Why hoping private companies will just do the Right Thing doesn’t work

In the last few weeks I’ve been to several conferences on the issue of the preservation of online content for research, and in particular social media. This is an issue that is attracting a lot of attention at the moment: for examples, see Helen Hockx-Yu’s paper for last year’s IFLA conference, or the forthcoming TechWatch report from the Digital Preservation Coalition. As I myself blogged a little while ago, and (obliquely) suggested in this presentation on religion and social media, there’s growing interest from social scientists in using social media data – most typically Twitter or Facebook – to understand contemporary social phenomena. But whereas users of the archived web (such as myself) can rely on continued access to the data we use, and can expect to be able to point to that data such that others may follow and replicate our results, this isn’t the case with social media.

Commercial providers of social media platforms impose several different kinds of barriers: These can include: limits on the amount of data that may be requested in any one period of time; provision of samples of data created by proprietary algorithms which may not themselves be scrutinised; limits on how much of and/or which fields in a dataset may be shared with other researchers. These issues are well-known, and aren’t my main concern here. My concern is with how these restrictions are being discussed by scholars, librarians and archivists.

I’ve noticed an inability to imagine why it is that these restrictions are made, and as a result, a struggle to begin to think what the solutions might be. There has been a similar trend amongst the Open Access community, to paint commercial academic publishers as profit-hungry dinosaurs, making money without regard to the public good element of scholarly publishing happens. Regarding social media, it is viewed as simply a failure of good manners when a social media firm shuts down a service without providing for scholarly access to its archive, or does not allow free access to and reuse of its data to scholars. Why (the question is implicitly posed) don’t these organisations do the Right Thing? Surely everyone thinks that preserving this stuff is worthwhile, and that it is a duty of all providers?

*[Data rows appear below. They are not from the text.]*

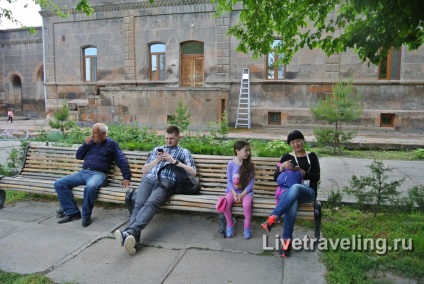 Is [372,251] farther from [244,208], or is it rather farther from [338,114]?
[338,114]

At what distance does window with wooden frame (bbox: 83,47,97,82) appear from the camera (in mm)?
22781

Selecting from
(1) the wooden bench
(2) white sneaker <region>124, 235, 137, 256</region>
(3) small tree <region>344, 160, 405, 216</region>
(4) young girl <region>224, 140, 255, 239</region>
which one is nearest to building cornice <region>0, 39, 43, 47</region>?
(1) the wooden bench

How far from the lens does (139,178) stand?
5535 millimetres

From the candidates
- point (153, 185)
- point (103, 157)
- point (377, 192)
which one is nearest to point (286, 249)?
point (153, 185)

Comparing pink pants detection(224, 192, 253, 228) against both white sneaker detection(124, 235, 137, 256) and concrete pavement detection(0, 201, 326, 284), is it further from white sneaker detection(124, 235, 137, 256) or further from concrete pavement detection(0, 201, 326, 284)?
white sneaker detection(124, 235, 137, 256)

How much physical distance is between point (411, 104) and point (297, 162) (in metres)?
15.6

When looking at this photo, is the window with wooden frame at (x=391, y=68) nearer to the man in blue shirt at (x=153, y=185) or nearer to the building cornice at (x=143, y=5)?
the building cornice at (x=143, y=5)

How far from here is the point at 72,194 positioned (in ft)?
17.3

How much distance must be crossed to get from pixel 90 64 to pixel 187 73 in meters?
6.56

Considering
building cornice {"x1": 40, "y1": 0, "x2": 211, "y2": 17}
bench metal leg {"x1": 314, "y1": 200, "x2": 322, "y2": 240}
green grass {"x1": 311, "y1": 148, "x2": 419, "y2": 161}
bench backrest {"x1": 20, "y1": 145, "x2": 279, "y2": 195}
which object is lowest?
green grass {"x1": 311, "y1": 148, "x2": 419, "y2": 161}

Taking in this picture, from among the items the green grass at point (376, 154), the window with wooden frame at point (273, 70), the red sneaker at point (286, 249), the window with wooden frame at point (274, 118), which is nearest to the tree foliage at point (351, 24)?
the red sneaker at point (286, 249)

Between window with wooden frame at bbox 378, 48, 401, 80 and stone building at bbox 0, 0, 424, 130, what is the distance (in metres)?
0.04

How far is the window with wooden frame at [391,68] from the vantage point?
1781 centimetres

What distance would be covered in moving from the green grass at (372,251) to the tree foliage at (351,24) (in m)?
2.16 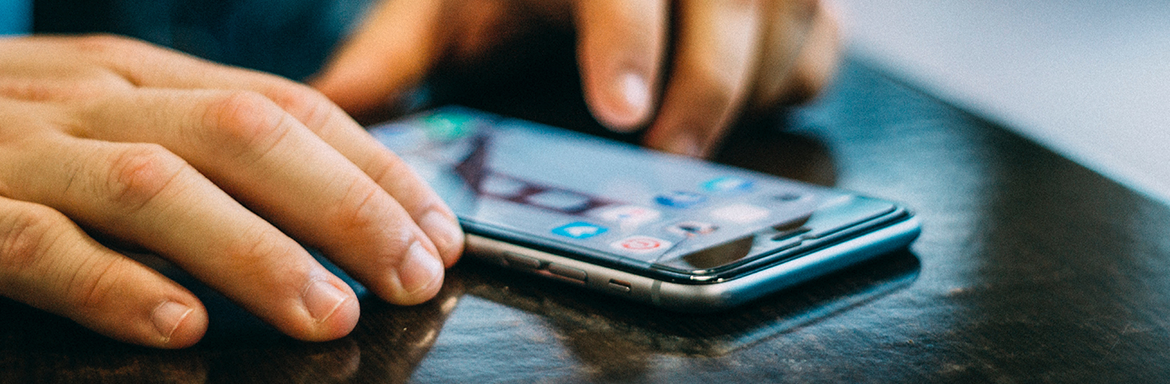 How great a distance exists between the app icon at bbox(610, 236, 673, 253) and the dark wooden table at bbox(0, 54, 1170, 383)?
28mm

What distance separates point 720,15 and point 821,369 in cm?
44

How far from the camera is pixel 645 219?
386 millimetres

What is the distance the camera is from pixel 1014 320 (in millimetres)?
308

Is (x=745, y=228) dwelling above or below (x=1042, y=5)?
below

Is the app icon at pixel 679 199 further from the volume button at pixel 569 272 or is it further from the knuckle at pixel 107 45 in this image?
the knuckle at pixel 107 45

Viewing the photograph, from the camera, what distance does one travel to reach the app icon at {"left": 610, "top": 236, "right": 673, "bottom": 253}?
336 mm

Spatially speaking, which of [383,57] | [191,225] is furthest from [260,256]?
[383,57]

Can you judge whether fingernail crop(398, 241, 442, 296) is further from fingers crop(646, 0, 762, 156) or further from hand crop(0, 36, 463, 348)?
fingers crop(646, 0, 762, 156)

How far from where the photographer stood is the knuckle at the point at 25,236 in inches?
11.9

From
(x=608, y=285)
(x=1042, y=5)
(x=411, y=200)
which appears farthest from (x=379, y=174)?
(x=1042, y=5)

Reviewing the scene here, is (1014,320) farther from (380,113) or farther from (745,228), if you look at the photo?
(380,113)

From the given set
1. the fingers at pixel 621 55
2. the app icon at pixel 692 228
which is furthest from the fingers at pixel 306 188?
the fingers at pixel 621 55

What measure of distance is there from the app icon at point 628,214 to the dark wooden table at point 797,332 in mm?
62

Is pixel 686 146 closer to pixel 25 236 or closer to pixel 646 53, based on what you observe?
pixel 646 53
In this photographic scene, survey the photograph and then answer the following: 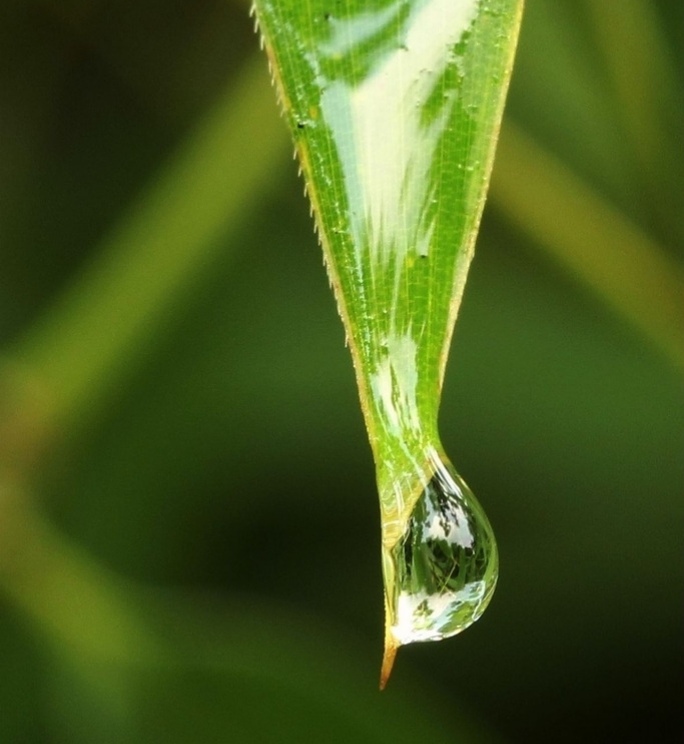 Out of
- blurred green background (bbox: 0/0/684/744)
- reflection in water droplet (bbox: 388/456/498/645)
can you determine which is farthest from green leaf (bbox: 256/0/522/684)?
blurred green background (bbox: 0/0/684/744)

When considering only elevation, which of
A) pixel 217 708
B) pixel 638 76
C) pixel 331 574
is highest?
pixel 638 76

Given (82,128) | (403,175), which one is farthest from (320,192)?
(82,128)

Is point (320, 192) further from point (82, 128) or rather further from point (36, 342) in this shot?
point (82, 128)

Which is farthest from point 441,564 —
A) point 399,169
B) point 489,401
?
point 489,401

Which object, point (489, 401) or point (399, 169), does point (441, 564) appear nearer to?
point (399, 169)

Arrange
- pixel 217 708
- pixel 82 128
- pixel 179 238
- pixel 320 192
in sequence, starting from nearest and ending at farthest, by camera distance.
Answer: pixel 320 192 < pixel 217 708 < pixel 179 238 < pixel 82 128
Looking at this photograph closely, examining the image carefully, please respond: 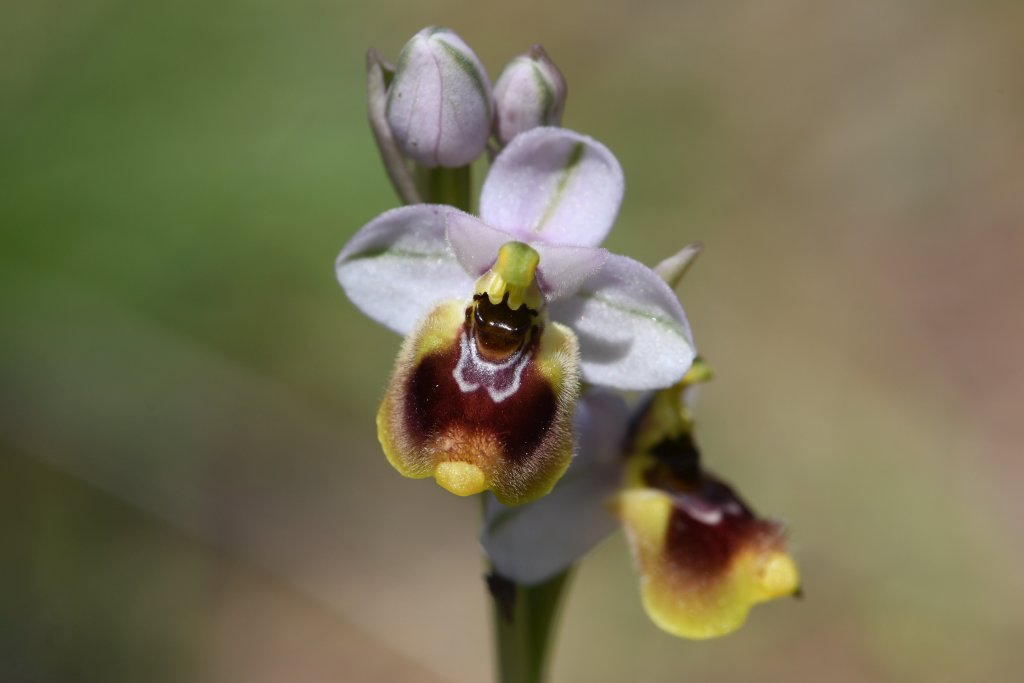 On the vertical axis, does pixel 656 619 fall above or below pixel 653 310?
below

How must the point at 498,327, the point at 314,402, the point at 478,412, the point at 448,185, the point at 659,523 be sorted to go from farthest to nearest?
the point at 314,402, the point at 659,523, the point at 448,185, the point at 498,327, the point at 478,412

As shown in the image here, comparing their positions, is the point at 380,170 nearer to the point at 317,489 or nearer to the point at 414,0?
the point at 317,489

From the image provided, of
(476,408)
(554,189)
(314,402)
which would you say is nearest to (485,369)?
(476,408)

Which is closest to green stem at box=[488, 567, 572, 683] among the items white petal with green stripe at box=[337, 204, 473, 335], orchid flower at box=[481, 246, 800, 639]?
orchid flower at box=[481, 246, 800, 639]

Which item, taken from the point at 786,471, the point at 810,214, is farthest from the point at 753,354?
the point at 810,214

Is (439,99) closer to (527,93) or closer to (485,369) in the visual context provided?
(527,93) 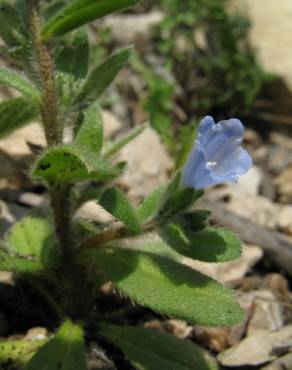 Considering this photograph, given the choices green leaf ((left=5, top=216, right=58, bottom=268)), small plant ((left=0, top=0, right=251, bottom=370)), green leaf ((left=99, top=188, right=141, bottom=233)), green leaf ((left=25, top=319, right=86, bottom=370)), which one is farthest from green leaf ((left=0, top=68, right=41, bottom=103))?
green leaf ((left=25, top=319, right=86, bottom=370))

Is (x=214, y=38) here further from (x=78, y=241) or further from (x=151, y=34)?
(x=78, y=241)

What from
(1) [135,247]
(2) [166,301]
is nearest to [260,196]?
(1) [135,247]

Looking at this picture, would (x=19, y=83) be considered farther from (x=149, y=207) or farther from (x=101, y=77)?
(x=149, y=207)

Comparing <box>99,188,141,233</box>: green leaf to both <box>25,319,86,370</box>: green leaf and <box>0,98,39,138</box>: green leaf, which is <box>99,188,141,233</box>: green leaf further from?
Answer: <box>0,98,39,138</box>: green leaf

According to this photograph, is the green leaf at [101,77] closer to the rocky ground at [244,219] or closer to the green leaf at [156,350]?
the rocky ground at [244,219]

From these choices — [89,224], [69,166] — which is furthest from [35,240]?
[69,166]

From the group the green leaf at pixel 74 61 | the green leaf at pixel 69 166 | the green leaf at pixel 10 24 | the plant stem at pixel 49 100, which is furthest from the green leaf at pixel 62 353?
the green leaf at pixel 10 24

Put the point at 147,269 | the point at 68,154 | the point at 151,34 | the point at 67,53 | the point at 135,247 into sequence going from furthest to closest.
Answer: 1. the point at 151,34
2. the point at 135,247
3. the point at 67,53
4. the point at 147,269
5. the point at 68,154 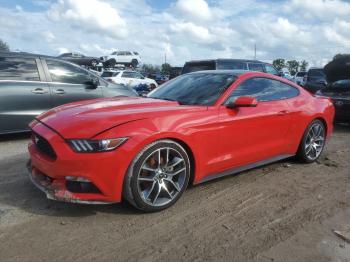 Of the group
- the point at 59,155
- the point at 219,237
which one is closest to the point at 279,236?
the point at 219,237

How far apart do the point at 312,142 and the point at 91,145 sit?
148 inches

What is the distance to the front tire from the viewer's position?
3613 mm

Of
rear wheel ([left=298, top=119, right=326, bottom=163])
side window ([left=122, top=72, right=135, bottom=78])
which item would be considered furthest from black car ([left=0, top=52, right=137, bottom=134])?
side window ([left=122, top=72, right=135, bottom=78])

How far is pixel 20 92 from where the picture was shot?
6.86 metres

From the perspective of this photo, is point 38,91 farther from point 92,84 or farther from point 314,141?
point 314,141

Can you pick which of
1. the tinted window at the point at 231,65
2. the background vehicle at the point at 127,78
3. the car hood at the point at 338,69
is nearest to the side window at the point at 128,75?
the background vehicle at the point at 127,78

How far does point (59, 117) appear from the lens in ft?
12.8

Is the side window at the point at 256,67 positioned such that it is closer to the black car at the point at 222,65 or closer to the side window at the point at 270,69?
the black car at the point at 222,65

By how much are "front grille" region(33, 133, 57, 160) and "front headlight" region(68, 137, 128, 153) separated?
21 cm

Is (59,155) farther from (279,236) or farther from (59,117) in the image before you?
(279,236)

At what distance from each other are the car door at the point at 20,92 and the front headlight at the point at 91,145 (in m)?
3.84

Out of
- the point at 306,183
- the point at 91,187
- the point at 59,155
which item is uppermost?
the point at 59,155

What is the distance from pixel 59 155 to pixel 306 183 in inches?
124

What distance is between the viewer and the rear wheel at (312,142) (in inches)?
224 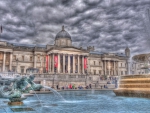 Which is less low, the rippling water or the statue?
the statue

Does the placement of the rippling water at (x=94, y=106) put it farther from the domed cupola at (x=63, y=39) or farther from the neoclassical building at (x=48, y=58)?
the domed cupola at (x=63, y=39)

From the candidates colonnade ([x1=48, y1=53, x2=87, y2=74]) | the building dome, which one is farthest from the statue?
the building dome

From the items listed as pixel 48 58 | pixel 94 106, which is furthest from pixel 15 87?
pixel 48 58

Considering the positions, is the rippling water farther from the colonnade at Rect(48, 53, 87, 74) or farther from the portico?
the colonnade at Rect(48, 53, 87, 74)

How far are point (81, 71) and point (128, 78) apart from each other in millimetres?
52339

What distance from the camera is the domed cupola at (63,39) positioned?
73.2 m

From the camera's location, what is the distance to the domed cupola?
73188 millimetres

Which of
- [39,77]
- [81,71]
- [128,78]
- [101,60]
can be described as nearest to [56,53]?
[81,71]

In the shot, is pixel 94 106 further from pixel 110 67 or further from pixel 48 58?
pixel 110 67

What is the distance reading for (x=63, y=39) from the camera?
73375 mm

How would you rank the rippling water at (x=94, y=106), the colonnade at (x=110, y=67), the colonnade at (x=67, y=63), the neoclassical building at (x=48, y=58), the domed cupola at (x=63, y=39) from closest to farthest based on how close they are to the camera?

But private corporations aren’t individuals, endowed with an idea of duty and a moral sense. Private corporations are legal abstractions: machines designed for the maximisation of return on capital. If they don’t do the Right Thing, it isn’t because the people who run them are bad people. No; it’s because the thing we want them to do (or not do) impacts adversely on revenue, or adds extra cost without corresponding additional revenue.

Fundamentally, a commercial organisation is likely to shut down an unprofitable service without regard to the archive unless (i) providing access to the archive is likely to yield research findings which will help future service development, or; (ii) it causes positive harm to the brand to shut it down (or helps the brand to be seen *not* to do so.) Similarly, they are unlikely to incur costs to run additional services for researchers, or to share valuable data unless (again) they stand to gain something from the research, however obliquely, or by doing so they either help or protect the brand.

At this point, readers may despair of getting anywhere in this regard, which I could understand. One way through this might be an enlargement of the scope of legal deposit legislation such that some categories of data (politicians’ tweets, say, given the recent episode over Politwoops) are deemed sufficiently significant to be treated as public records. There will be lobbying against, surely, but once such law is passed, companies will adapt business models to a changed circumstance, as they always have done. An even harder task is so to shift the terms of public discourse such that a publicly accessible record of this data is seen by the public as necessary. Another way is to build communities of researchers around particular services such that generalisable research about a service can be absorbed by the providers, thus showing that openness with the data leads to a gain in terms of research and development.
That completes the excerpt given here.